▶ [Work instruction] Transcribe the records below word for word, leaving every picture out.

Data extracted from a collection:

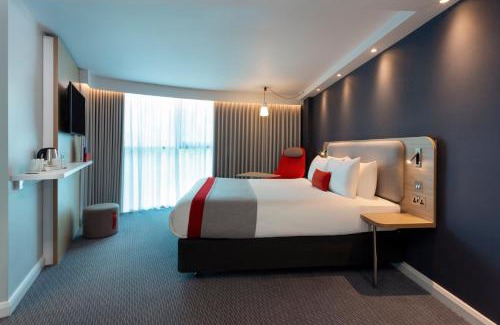 East Acton Hotel | Holiday Inn Express Park Royal by IHG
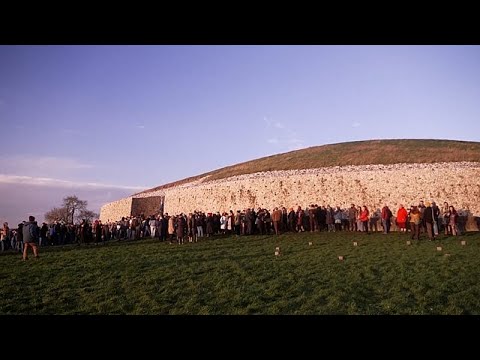 Χειμερινό ηλιοστάσιο στο Newgrange της Ιρλανδίας προσελκύει 2.000 επισκέπτες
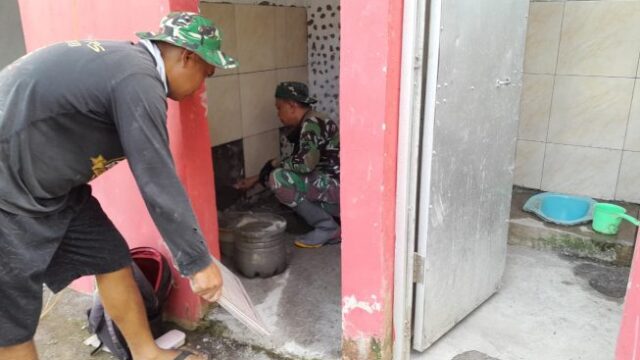 Gerak Cepat dan Kompak, Bukti Nyata Satgas Bersama Warga Wujudkan WC Umum di RTH Desa Cukil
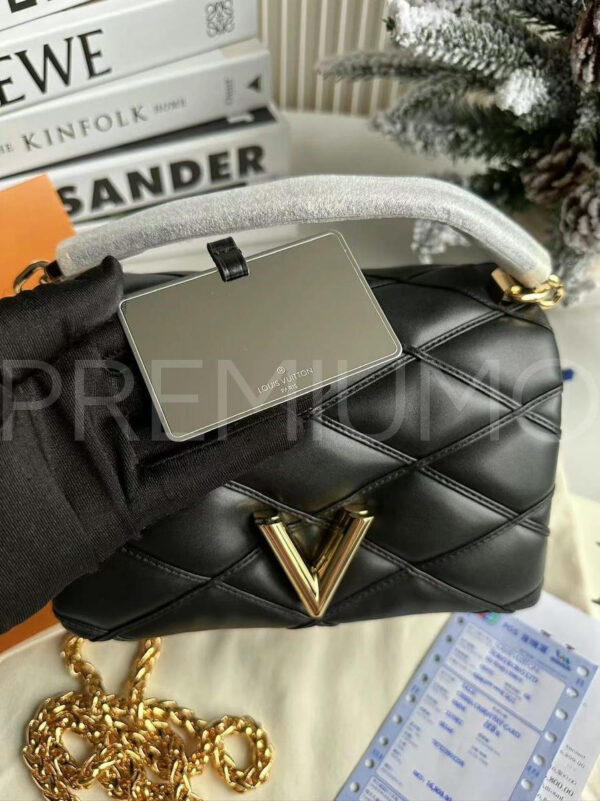 Louis Vuitton GO-14 MM сумка PR784985 40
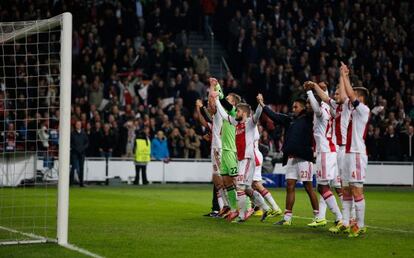 Los jugadores del Ajax festejan la victoria.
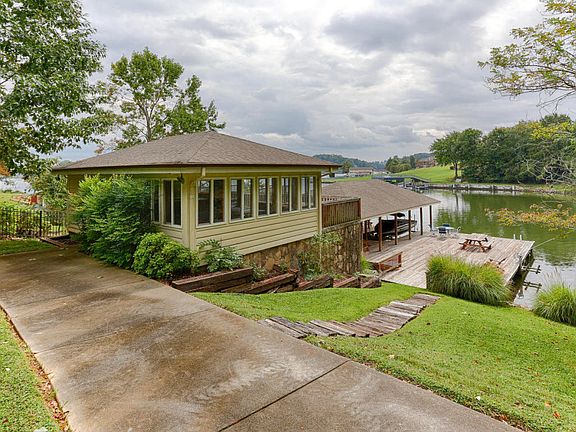 2nd image of 2834 Summershade Ln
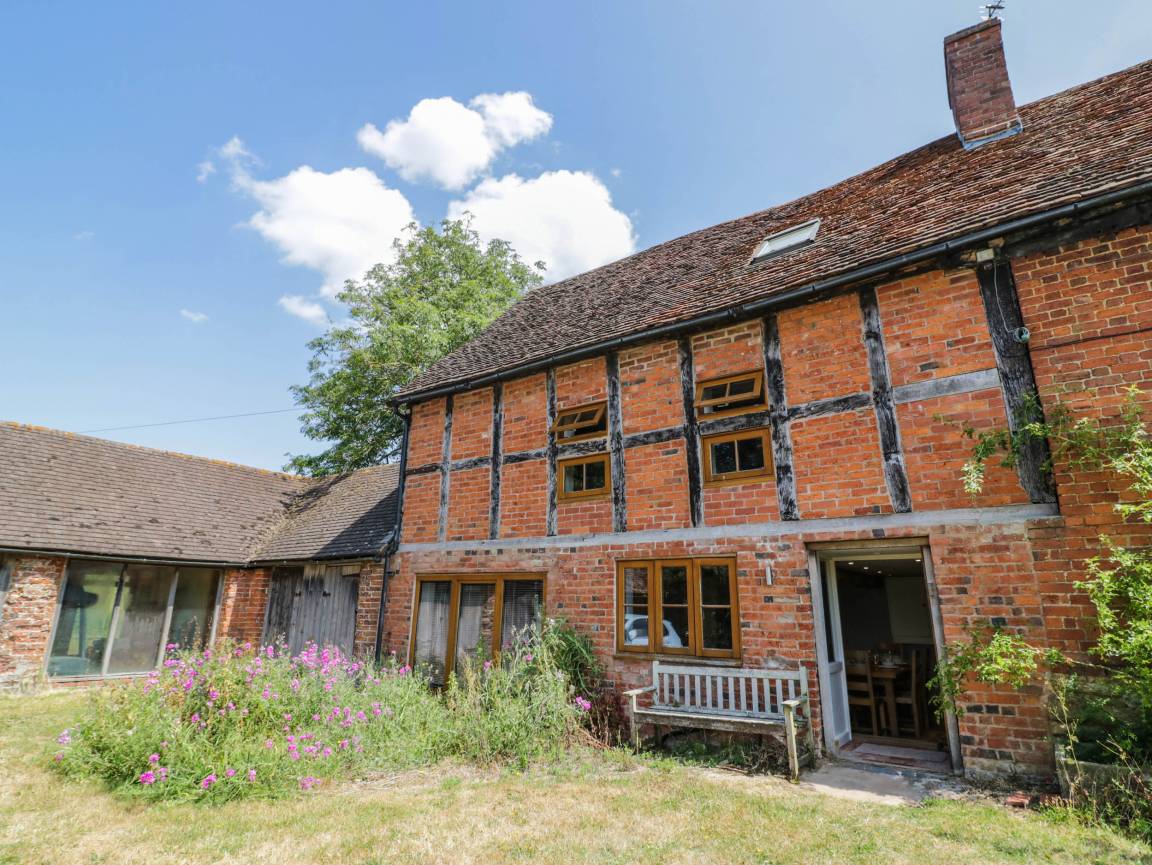Cottage ∙ 3 Bedrooms ∙ 6 Guests - Malvern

▶ [Answer section]
 East Acton Hotel | Holiday Inn Express Park Royal by IHG
 Χειμερινό ηλιοστάσιο στο Newgrange της Ιρλανδίας προσελκύει 2.000 επισκέπτες
 Gerak Cepat dan Kompak, Bukti Nyata Satgas Bersama Warga Wujudkan WC Umum di RTH Desa Cukil
 Louis Vuitton GO-14 MM сумка PR784985 40
 Los jugadores del Ajax festejan la victoria.
 2nd image of 2834 Summershade Ln
Cottage ∙ 3 Bedrooms ∙ 6 Guests - Malvern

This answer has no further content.